<<<<
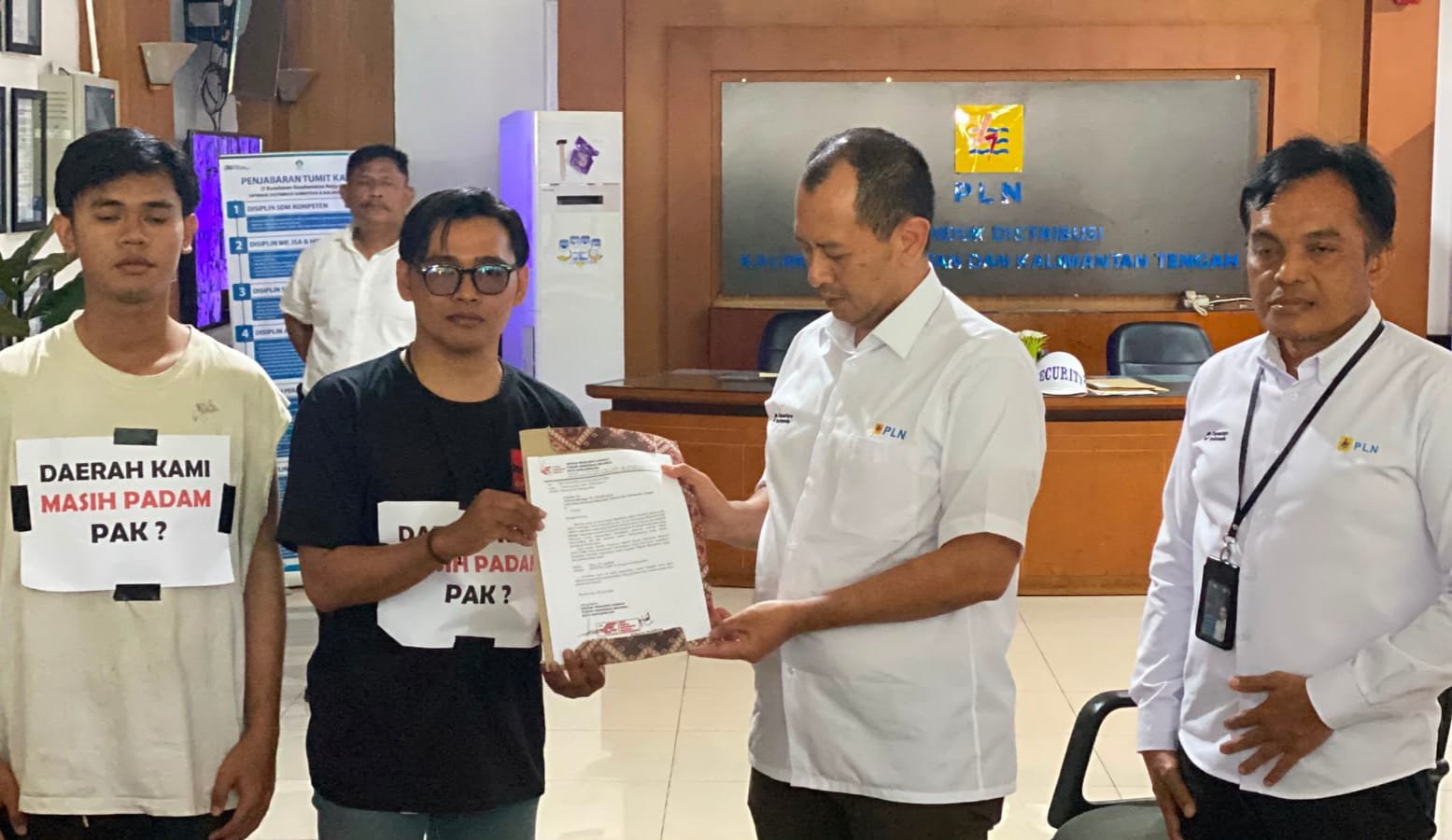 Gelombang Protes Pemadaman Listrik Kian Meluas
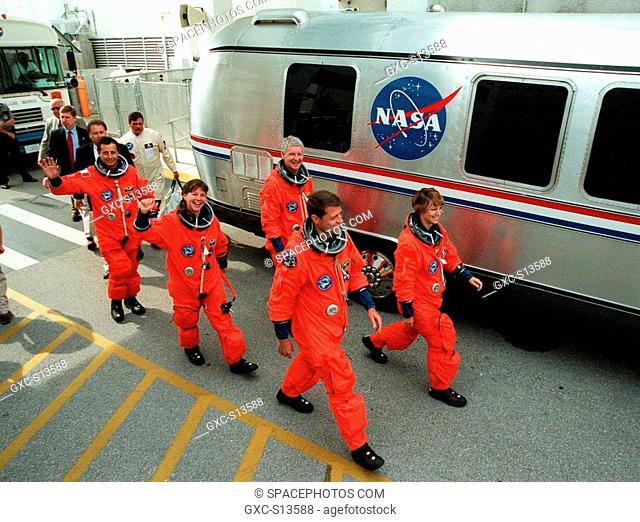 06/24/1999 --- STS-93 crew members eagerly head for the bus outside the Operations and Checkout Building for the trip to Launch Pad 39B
>>>>
<<<<
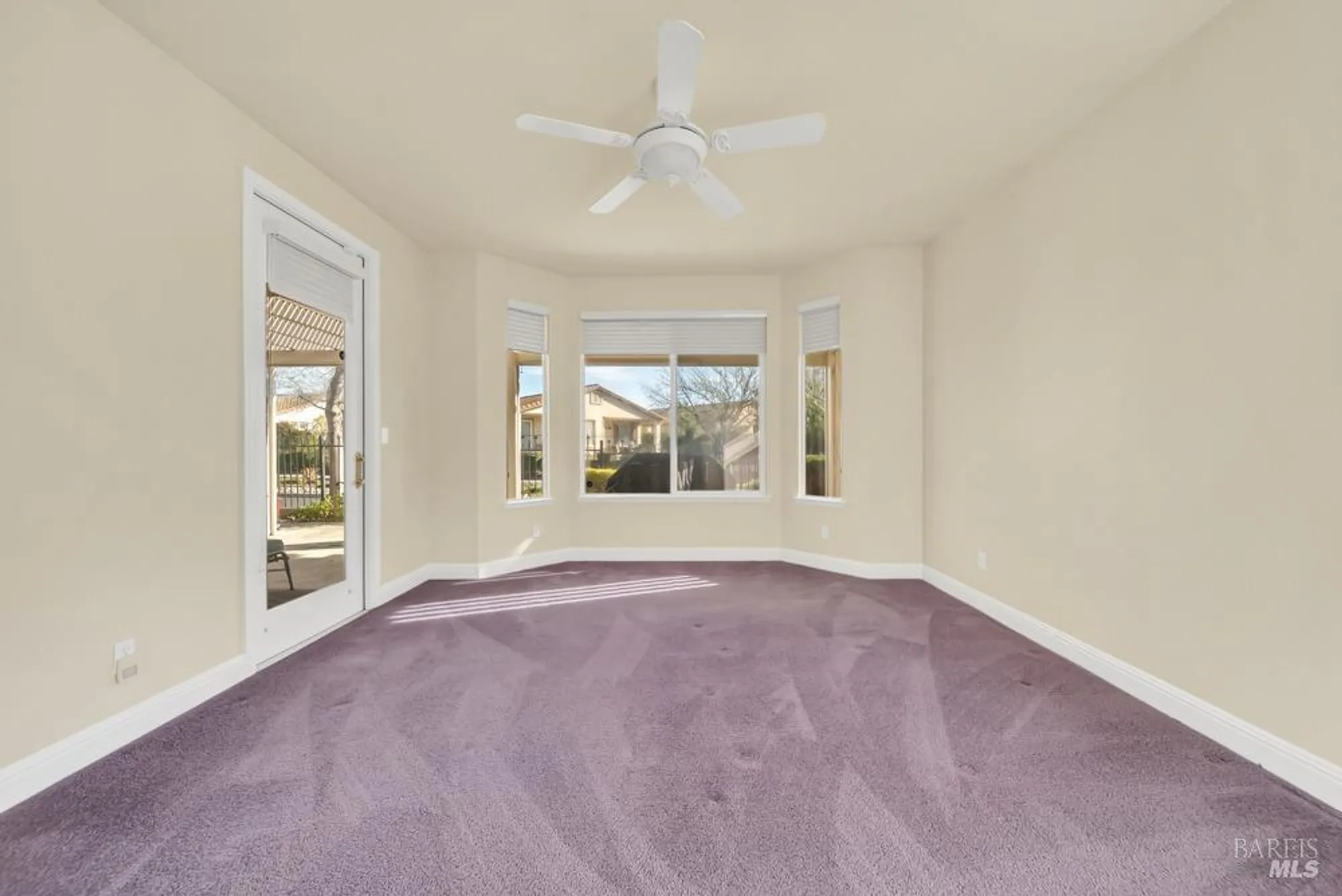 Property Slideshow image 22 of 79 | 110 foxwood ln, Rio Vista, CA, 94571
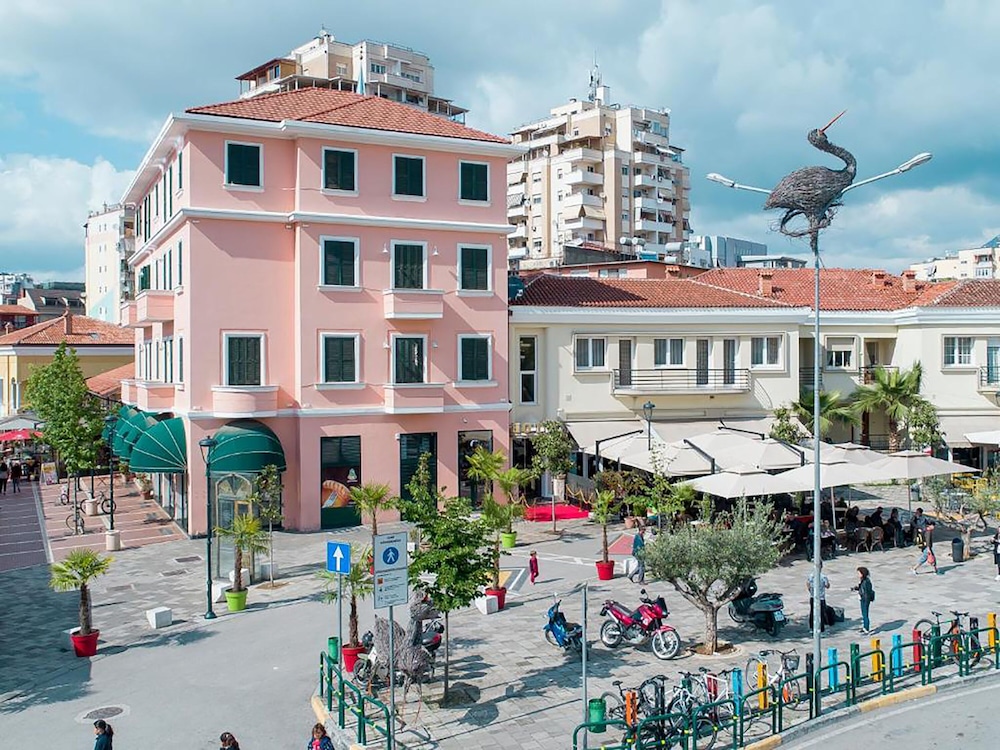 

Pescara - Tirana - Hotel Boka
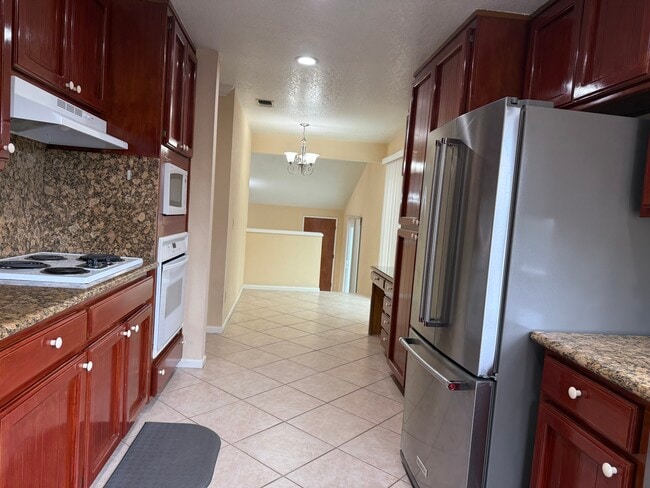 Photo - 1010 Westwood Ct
>>>>
WHAT IS EXPECTED: Go back to the lines above and output, exactly as they stand, the ones from the line containing "Pescara - Tirana - Hotel Boka" to the line containing "Photo - 1010 Westwood Ct". Leave all pictures behind.

TASK ANSWER:
Pescara - Tirana - Hotel Boka
 Photo - 1010 Westwood Ct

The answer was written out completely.